Goal of the exercise: Would you transcribe the entries below word for word, omitting all images?

Collection entries:
<<<<

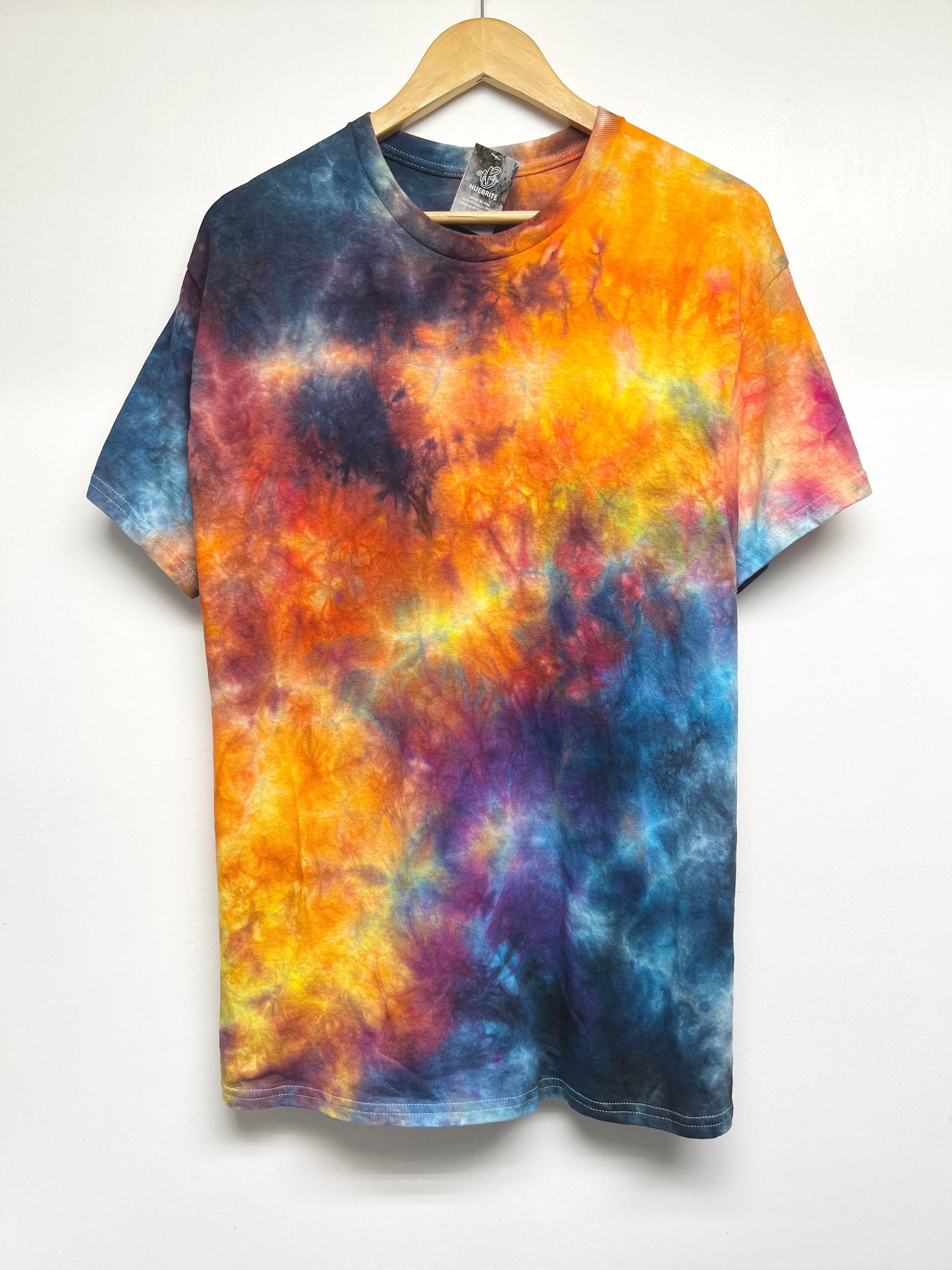 S-5XL, Hand dyed, Flaming nebula tie dye T-shirt, size S-5XL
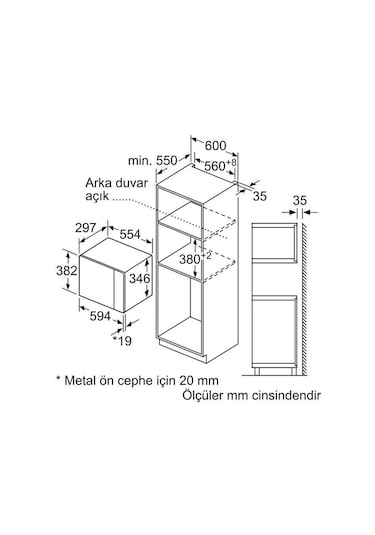 Bosch BFL524MH2 20 L Ankastre Mikrodalga Fırın Siyah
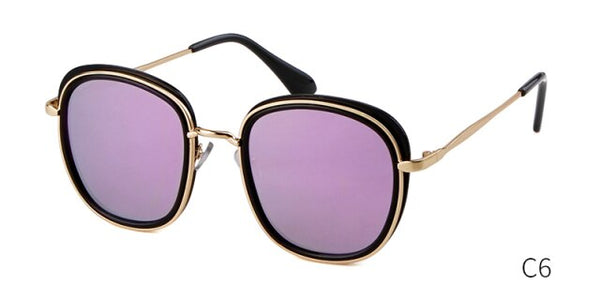 Retro Round Sunglasses Women Brand Vintage Gold Metal Frame Cat Eye Sun Glasses Black Shades High Quality Eyewear | Vimost Shop.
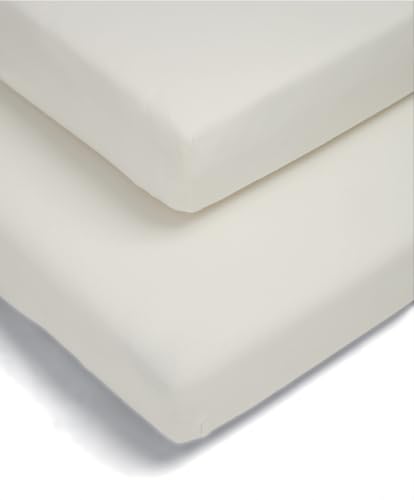 Mamas & Papas Cot Fitted Sheets (63 x 127 cm, Pack of 2), Nursery Bedding - Cream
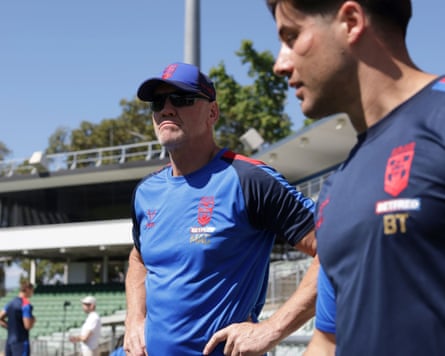 England head coach Brian McDermott oversees training in Perth, WA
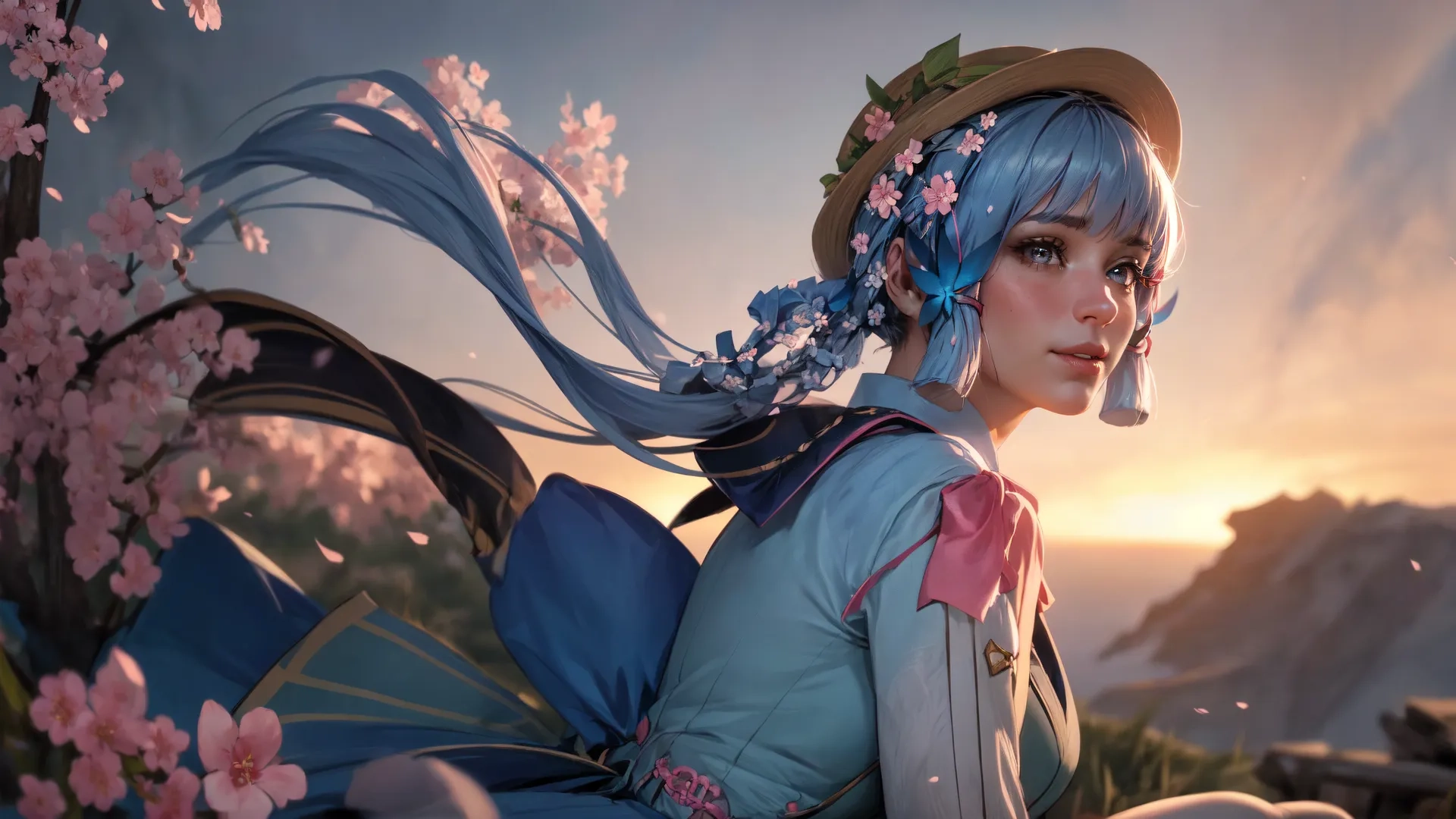 a girl is dressed up and posing in front of flowers, and a mountain view from behind her are many rocks and rocks with bushes behind her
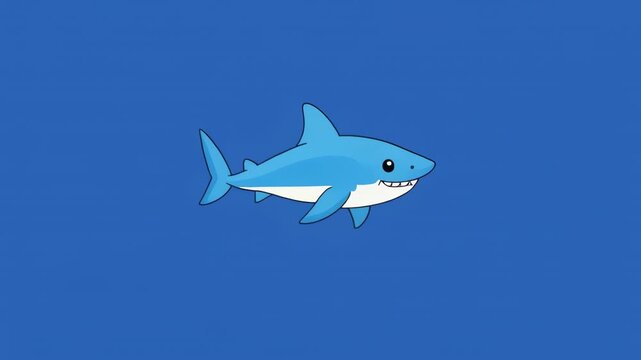 Playful cartoon shark swimming in clear blue ocean water with minimalist horizontal lines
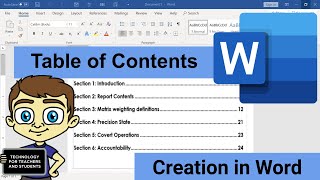 Creating a Table of Contents in Microsoft Word [upl. by Marshall]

>>>>

Expected answer:
 S-5XL, Hand dyed, Flaming nebula tie dye T-shirt, size S-5XL
 Bosch BFL524MH2 20 L Ankastre Mikrodalga Fırın Siyah
 Retro Round Sunglasses Women Brand Vintage Gold Metal Frame Cat Eye Sun Glasses Black Shades High Quality Eyewear | Vimost Shop.
 Mamas & Papas Cot Fitted Sheets (63 x 127 cm, Pack of 2), Nursery Bedding - Cream
 England head coach Brian McDermott oversees training in Perth, WA
 a girl is dressed up and posing in front of flowers, and a mountain view from behind her are many rocks and rocks with bushes behind her
 Playful cartoon shark swimming in clear blue ocean water with minimalist horizontal lines
 Creating a Table of Contents in Microsoft Word [upl. by Marshall]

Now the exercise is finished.